So...it's a touchy subject in the indie world, but I think word count when writing a book is subjective to each individual.
For example, I've written on average 30,000 words a month this year. You might think that's a lot, which to most people, it is... However, I live on my own, write full time and have no dependents. I'm an introvert, which means my social life isn't exactly booming. Ha, don't laugh too hard, it's true!
Writing is my job. My full time job. So, if you were to look at the amount of hours of someone who works in the corporate world works, you would see that they get equal, if not more, work done than me a week. Just because that's not countable per word, doesn't mean it's not true.
I always edit my work and have a editor too.

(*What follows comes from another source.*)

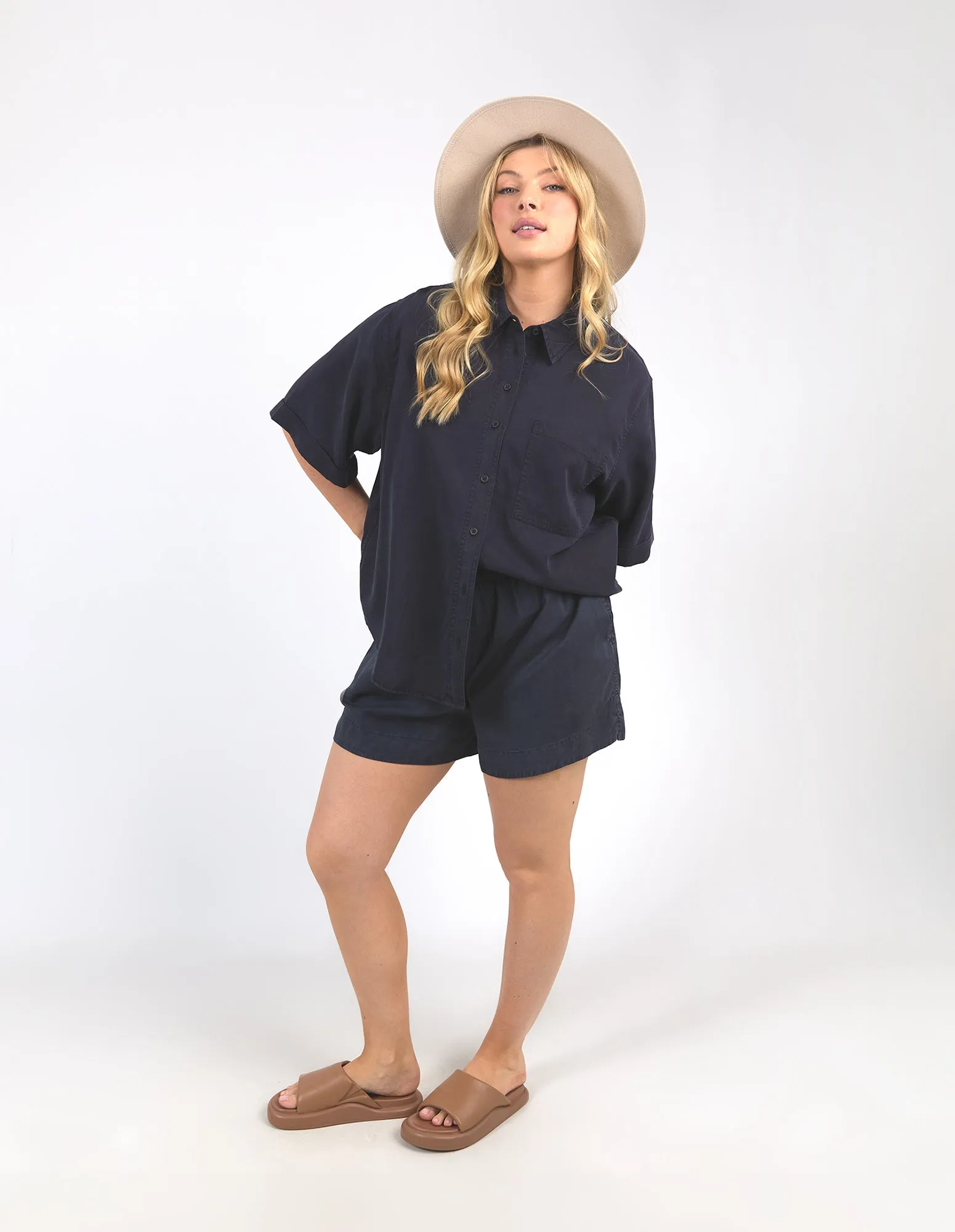 Bliss Washed Shirt Washed Navy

It's not like I'm chucking out words, and then publishing them straight away. I admit that I've made mistakes in the past. Probably not given quite enough attention to the rules of marketable books, but I've still managed to write 20 complete books.
I believe that word counts should become a habit. Once a writer can work out the best amount to suit them, they will be able to stick to that each day. Therefore accumulating an eventual novel. Judgements on quality don't belong in this discussion. Just because someone writes fast, doesn't mean the the quality is low. It's like saying that a racing driver is a worse driver than a regular driver because he goes too fast.
Each to their own. Everyone has their own journey, their own life. So, if you're an aspiring writer, don't feel disheartened when you see that someone can write quicker than you. Practice upping your word count, and once you've reached your preferred way of doing things, let go and get on with it. Good luck!